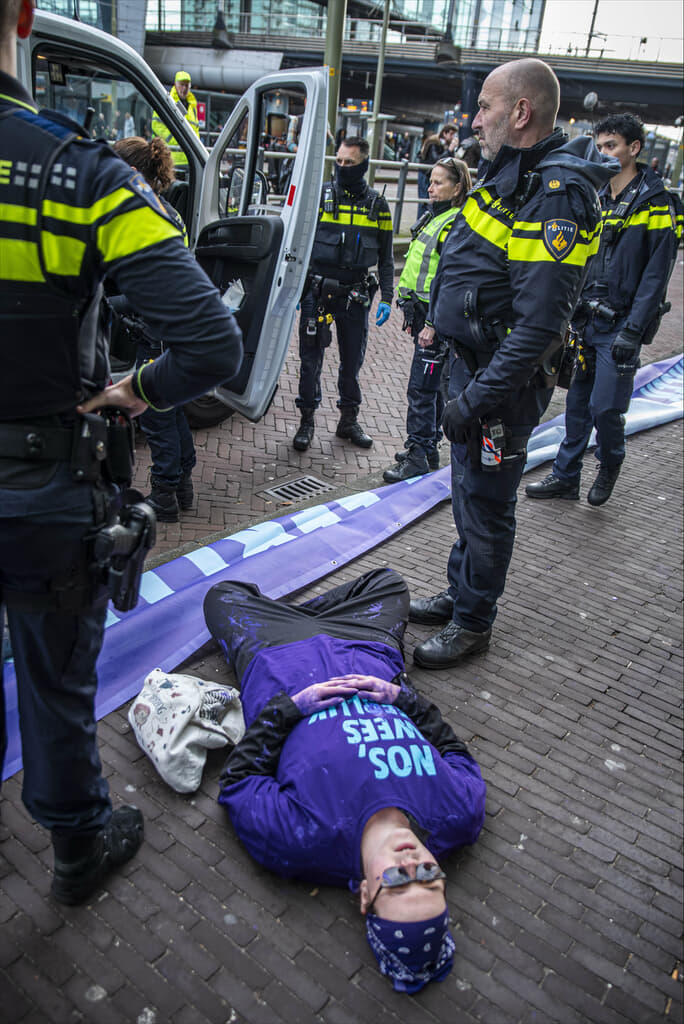 Rebel liggend op de grond met politieagenten er omheen.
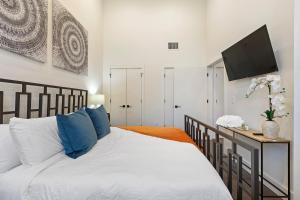 a bedroom with a bed with blue pillows at Luxury City Escape in Newark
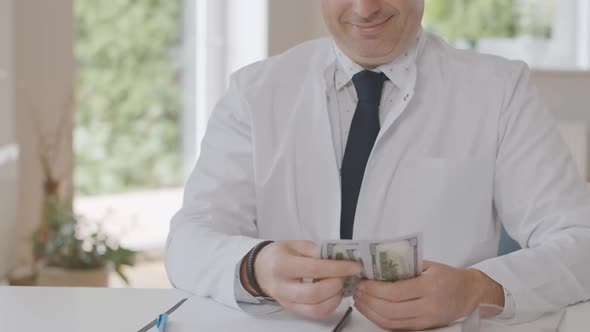 Unrecognizable Happy Doctor Counting Dollars and Smiling. Satisfied Caucasian Male Physician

:: ACTION ITEM ::
Transcribe the listing verbatim, pictures excluded.

:: RESULT BELOW ::
 Rebel liggend op de grond met politieagenten er omheen.
 a bedroom with a bed with blue pillows at Luxury City Escape in Newark
 Unrecognizable Happy Doctor Counting Dollars and Smiling. Satisfied Caucasian Male Physician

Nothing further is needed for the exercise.